The current Federal Reserve Act as amended still explicitly states that every Federal Reserve Bank, in its open market operations, has the power “to deal in gold coin and bullion at home or abroad.” The provisions of the Gold Reserve Act of 1934 which made it illegal for US persons, including the Federal Reserve, to hold gold for investment or monetary purposes were repealed long ago. Specifically, the Par Value Modification Act of 1973 repealed Sections 3 and 4 of the Gold Reserve Act of 1934—the sections that prohibited US citizens and Federal Reserve banks from buying and holding gold. Public Law 93-373, signed in August 1974, provided that, after December 31, 1974:

No provision of any law in effect on the date of enactment of this Act, and no rule, regulation, or order in effect … may be construed to prohibit any person from purchasing, holding, selling or otherwise dealing in gold in the United States or abroad.

Moreover, President Ford issued Executive Order 11825 on December 31, 1974, formally revoking President Roosevelt’s Executive Order 6102 of 1933 which prohibited Americans from “hoarding” gold. The provisions of the Gold Reserve Act of 1934 that suspend citizens’ right to redeem Federal Reserve notes for gold at the official price, however, remain in place.

Since the legal meaning of “any person” includes a Federal Reserve Bank, a plain language reading of the 1973–74 legislation suggests that Federal Reserve banks can today buy, hold, or sell gold without limitation in the course of their open market operations and have been able to do so since January 1, 1975.
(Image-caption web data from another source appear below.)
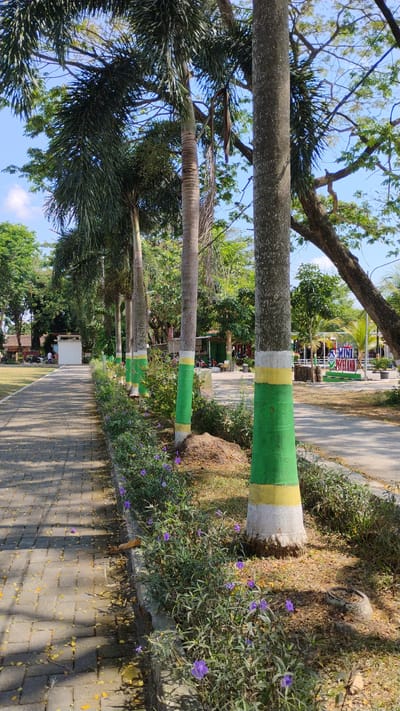 The image depicts a sunlit park scene in Madiun, Indonesia, likely a public recreational area. A paved walkway, constructed of grey interlocking bricks, runs diagonally from the lower left to the middle ground, bordered by a low concrete curb. Along the right side of the walkway, a row of palm trees stands, their trunks painted with alternating bands of green and yellow near the base. Purple flowers bloom in lush greenery adjacent to the walkway and around the base of the trees.

In the background, beyond the trees, the park continues with more greenery and a few low-lying structures, possibly kiosks or small buildings. A sign is visible in the distance, reading "MINI PICELAND". People and vehicles are present in the far background, suggesting a lively atmosphere. The sky is a clear, bright blue, indicating a sunny day. The overall impression is of a well-maintained park on a pleasant day.
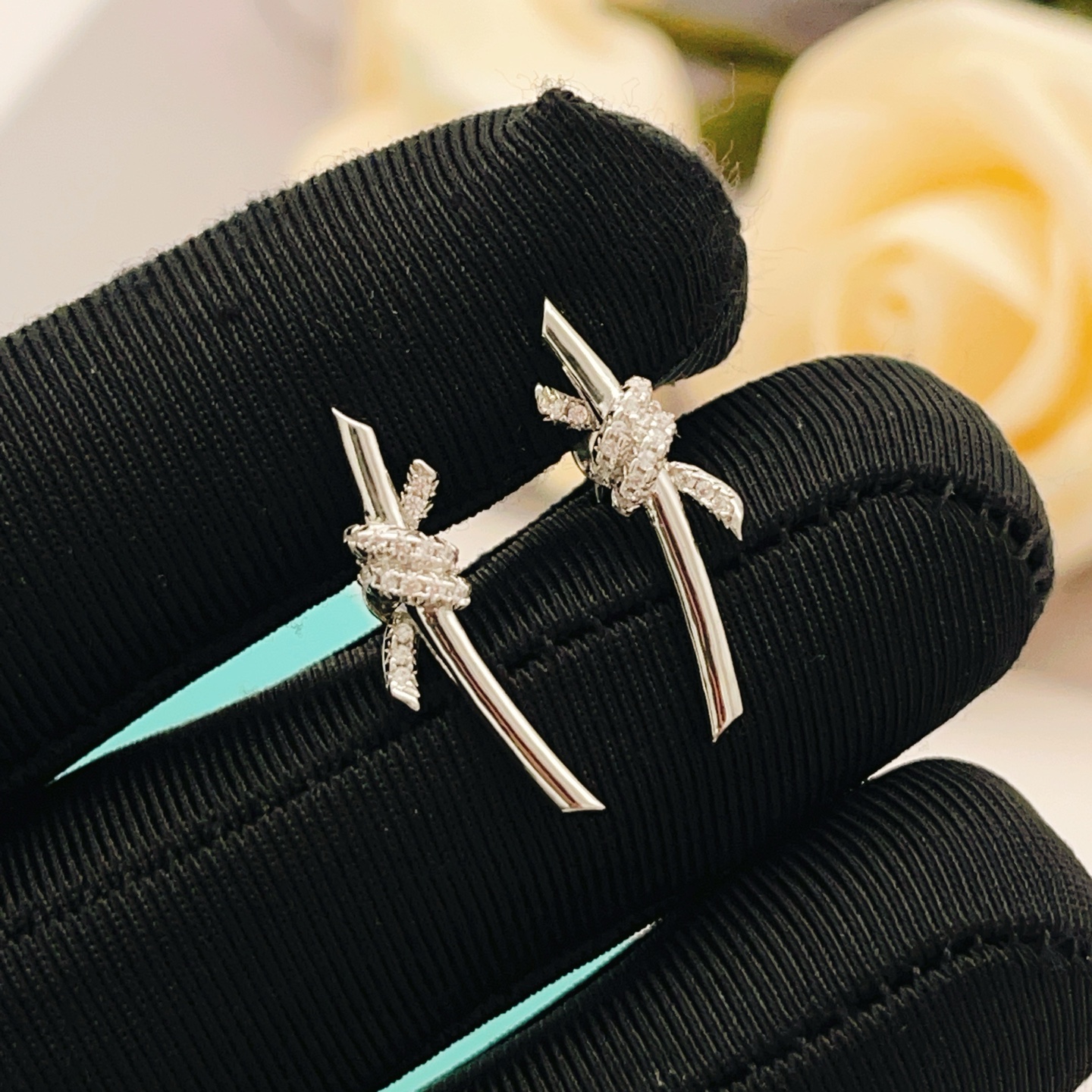 Tiffany Co Knot earrings sterling silver with clear diamond accents 12mm width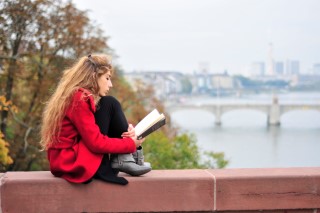 A Girl Reading a Poem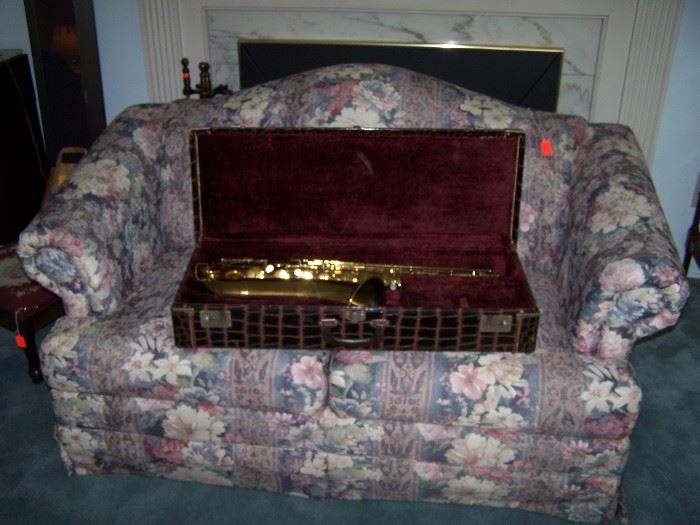 TENOR SAXOPHONE ("THE INDIANA" BY MARTIN OF ELKHART, INDIANA, SERIAL #71640)  & TWO-CUSHION LOVESEAT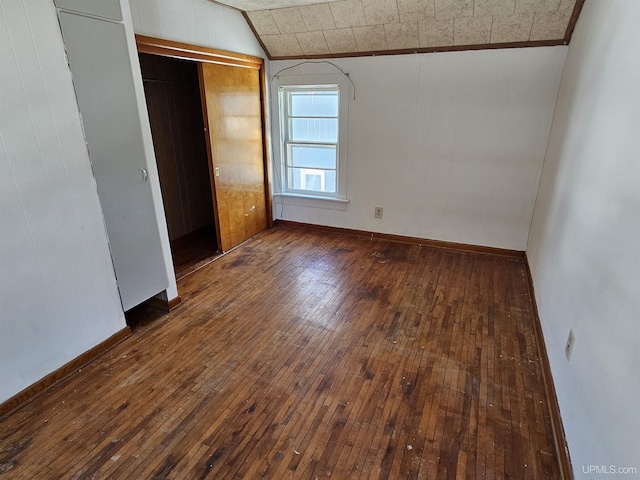 unfurnished bedroom featuring lofted ceiling, hardwood / wood-style flooring, baseboards, and a closet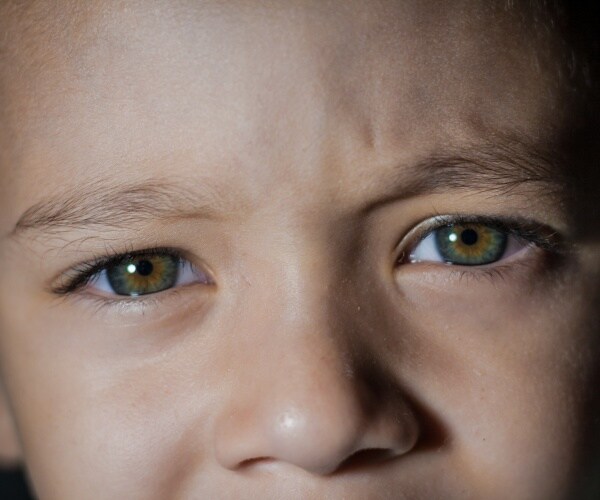 close-up photo of young boy's green eyes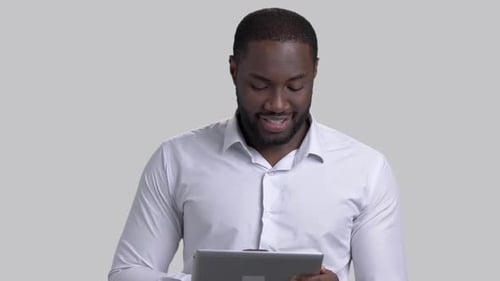 Cheerful Afro-american Businessman Using Electronic Tablet.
Can the Fed today legally buy and hold gold? We think so, but thus far we have been unable to confirm our opinion in our discussions with former senior Fed officials and financial market experts—no one seems to know. Nor is this question answered in any of the official Federal Reserve materials of which we are aware and our query to the Fed’s official website remains unanswered. The answer to this question should not be a mystery. The Board of Governors of the Federal Reserve should speak authoritatively on the question and explain why the Fed can or cannot buy and sell gold in the course of conducting monetary policy.
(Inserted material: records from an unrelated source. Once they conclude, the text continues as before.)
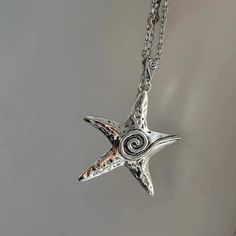 𝔇𝔢𝔱𝔞𝔦𝔩𝔰: Shape\pattern: Starfish Material: Metal Quantity: 1pc Length 45cm Style: Goth, Punk, Cyberpunk Featured with its starfish pendant & futuristic vibe Solid, durable material with a perfect sheer surface Exquisite craft, a very good gift choice Enjoy free shipping with a purchase of over 80$ Metal Starfish Charm Jewelry, Silver Star-shaped Metal Necklace, Silver Star-shaped Alloy Jewelry, Starfish Charm Metal Necklace For Gift, Metal Necklace With Starfish Charm For Gift, Silver Adjustable Starfish Necklace, Adjustable Silver Starfish Necklace, Punk Cyberpunk, Sweater Necklace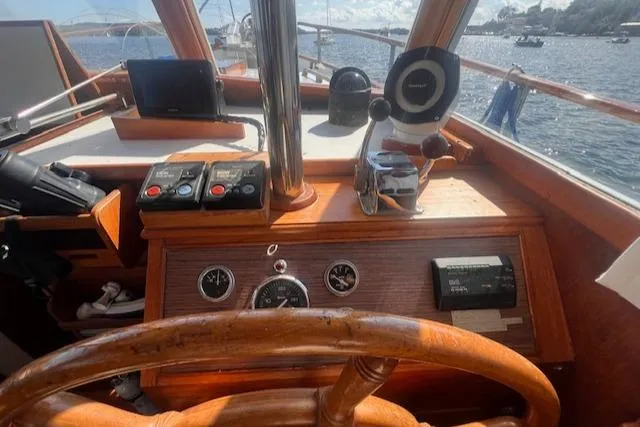 Slide: The Image of 1980 Grand Banks 32 Flybridge Trawler helm with wooden steering wheel and navigational instruments. - 6
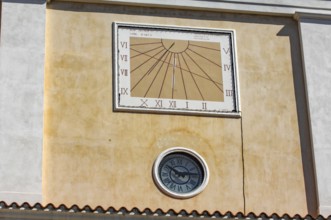 Sundial above and below masonry clock with hands, Italy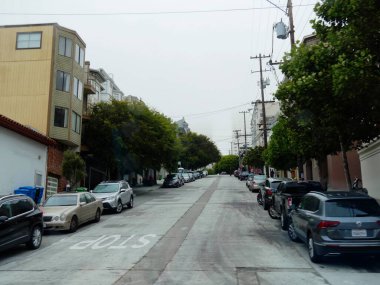 San Francisco, California-Temmuz 2018: Yamuk sokağın her iki tarafında da konut binalarının önüne park edilmiş arabalar.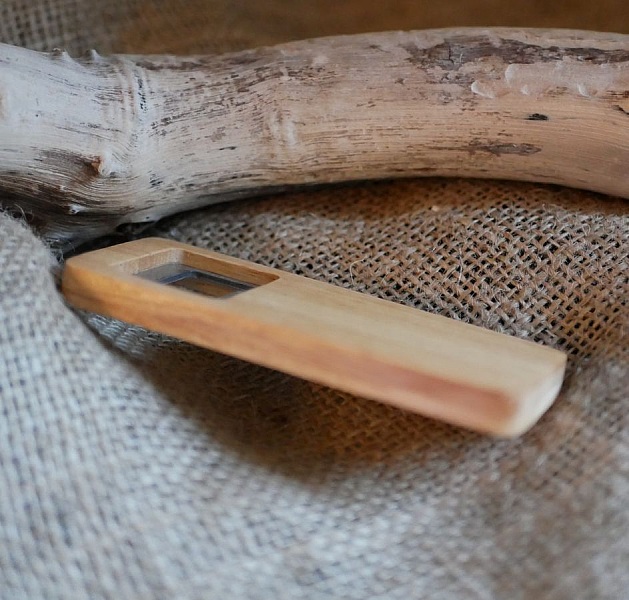 Clé USB en bois naturel sur un fond en toile.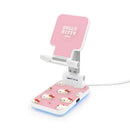 Hello Kitty粉色折疊無線充電支架，底座印有Hello Kitty圖案，帶白色支撐架.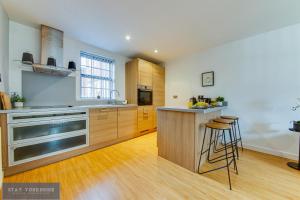 a large kitchen with wooden cabinets and a counter at Stay Yorkshire Hamilton Mews Apartment in Doncaster +4 photos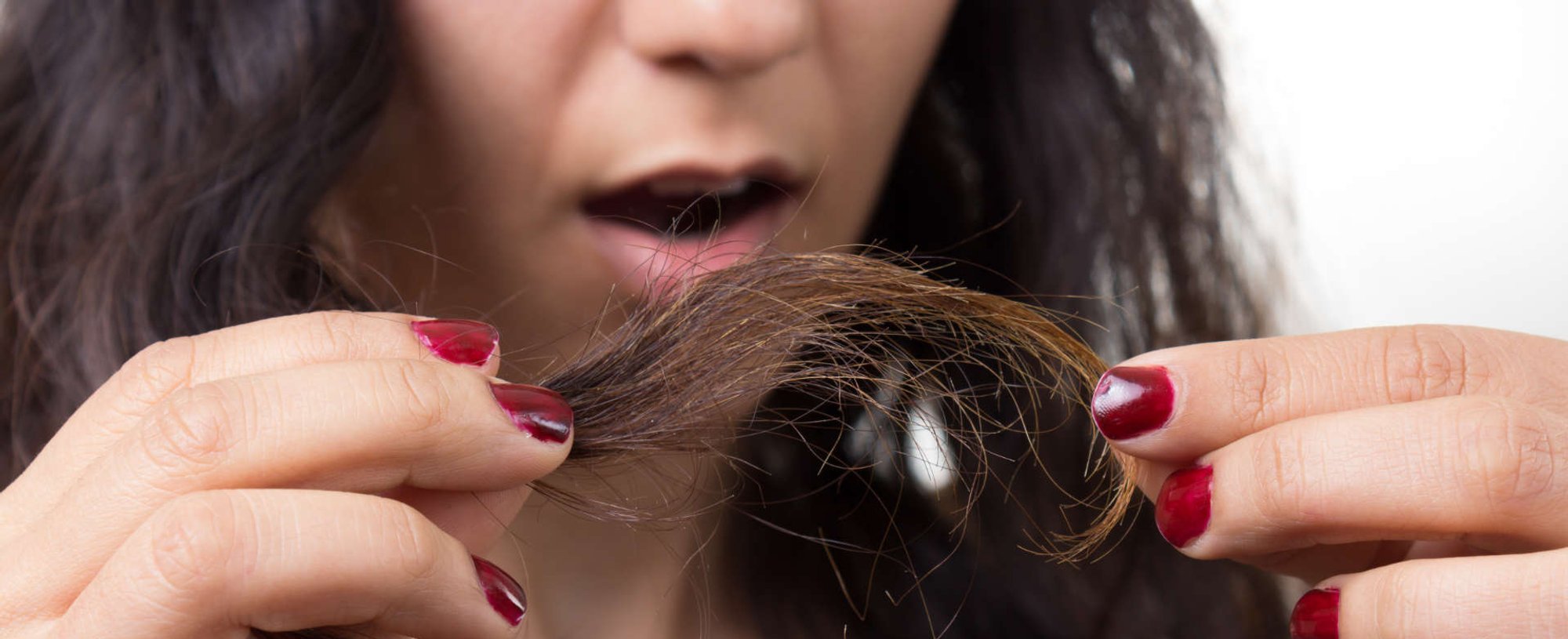 mulher espantada com as pontas duplas do cabelo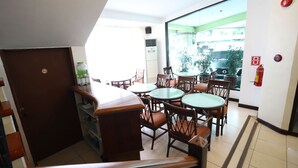A dining area with multiple round tables and chairs, a water dispenser, and a fire extinguisher on the wall.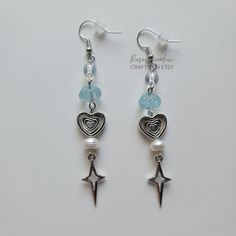 "Handmade Beaded Earrings ✿ Made with glass beads, freshwater pearls, and metal accents ✿ Silver, ice blue, and pearlescent white ✿ The earrings are \" long Fish Hook Options ✿ The Titanium fish hook is hypoallergenic and ideal for sensitive skin ✿ The regular fish hook is made of nickel free metal, it is not hypoallergenic" Earring Inspo, Ears Pierced, Handmade Beaded Earrings, Helpful Things, Handmade Earring, Handmade Earrings Beaded, Homemade Jewelry, Metal Accents, Jewelry Inspo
If the Fed Can Own Gold, Should It?

The Federal Reserve is a unique central bank as the sole issuer of the world’s dominant fiat, or pure paper, currency. The global holding of fiat dollars is a great advantage to the US Treasury, famously and accurately characterized by the French in the 1960s as an “exorbitant privilege,” in financing the US government.
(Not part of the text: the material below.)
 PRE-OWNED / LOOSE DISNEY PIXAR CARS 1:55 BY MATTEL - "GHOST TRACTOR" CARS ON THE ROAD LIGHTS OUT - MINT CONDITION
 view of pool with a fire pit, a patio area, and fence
At the time of the Bretton Woods Conference in 1944, the chief American negotiator, Harry Dexter White, argued, “To us and to the world, the United States dollar and gold are synonymous.” In 2024, the price of gold and the purchasing power of the US dollar are more like opposites. Does the Fed’s reluctance to hold gold reflect ideological resistance within the Fed and the Treasury to reestablish a distant link between gold and the US dollar, even if gold ownership offered advantages for the Fed’s and the country’s finances?

The Fed’s use of debt securities for open market operations has a direct impact on market interest rates, be they short-term Treasury, long-term Treasury, or repo rates, or the rates paid on government-guaranteed mortgage-backed securities. Including gold as an instrument of open market operations would provide the Fed a means of increasing or decreasing bank reserves independent of any direct effect on market interest rates. If conducted at scale, of course Fed gold dealings could impact the market price of gold and the revenues of gold producers.

One possible problem is that the US legal price of gold was set by statute more than 50 years ago. If the Fed bought gold at $2,500 per ounce, would it have to value gold on its financial statements at its legal price of $42.22 per ounce? Or would the Fed’s power to set its own accounting standards allow it to value gold at its current market price or at historical cost? In the future, when the Fed regains profitability, the accounting treatment of unrealized capital gains on gold would in part determine the Fed’s required remittances to the Treasury once the Fed’s surplus exceeds its legal maximum of $6.785 billion. Could the Fed, as do some other central banks, book gold at historical cost and retain unrealized gains as a “hidden reserve”? Conversely, how would the Fed account for unrealized decreases in the market price of gold?

It is curious that few experts seem to know for certain whether it is legal for the Fed to use gold as an instrument of open market operations. It is also puzzling why there is little if any discussion of the potential benefits or costs of using gold as a tool of monetary policy and as a Federal Reserve asset. We think these issues merit serious discussion.